- How do I calculate a median in SQL?
- Ask in plain English — 'median revenue per order.' Postgres has no `MEDIAN()` function, so nlqdb compiles the ordered-set aggregate `PERCENTILE_CONT(0.5) WITHIN GROUP (ORDER BY revenue)`, runs it, and returns the value plus the SQL it ran. You get the middle value without remembering the `WITHIN GROUP` syntax. The honest limit: you have to name a column it can order by.
- What's the difference between PERCENTILE_CONT and PERCENTILE_DISC?
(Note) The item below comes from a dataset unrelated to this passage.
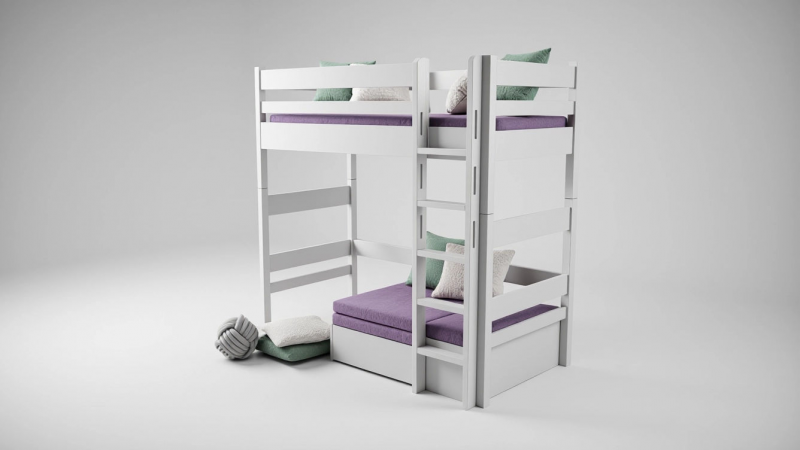 ΨΗΛΟ ΚΡΕΒΑΤΙ 03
- `PERCENTILE_CONT` interpolates between the two middle rows — the continuous median of [1, 2] is 1.5. `PERCENTILE_DISC` returns an actual value present in the data — the discrete median of [1, 2] is 1. They diverge on even-sized sets and on categorical-but-ordered data. nlqdb shows which one the compiled SQL used so you can confirm you got the one you meant.
- Can I get a p90, p95, or p99 percentile too?
- Yes — they're the same ordered-set aggregate with a different fraction: `PERCENTILE_CONT(0.9) WITHIN GROUP (ORDER BY latency)` for p90, `0.95` for p95. Ask for 'the 95th percentile of response time' and nlqdb compiles the fraction, then shows the SQL. The honest limit: name the column and the percentile you want.
- Can I compute a median or percentile on a Postgres database I already run?
- Yes — connect it with the signed-in BYO connect verb (`nlq db connect`, `SK-DBCONN-001`; see /solve/query-existing-postgres-in-natural-language) and ask for the summary in place, no ETL into a separate store. The honest limits: BYO connect is signed-in only (not the public embed), and nlqdb returns the percentile with a read-only query — it doesn't persist a materialized summary for you.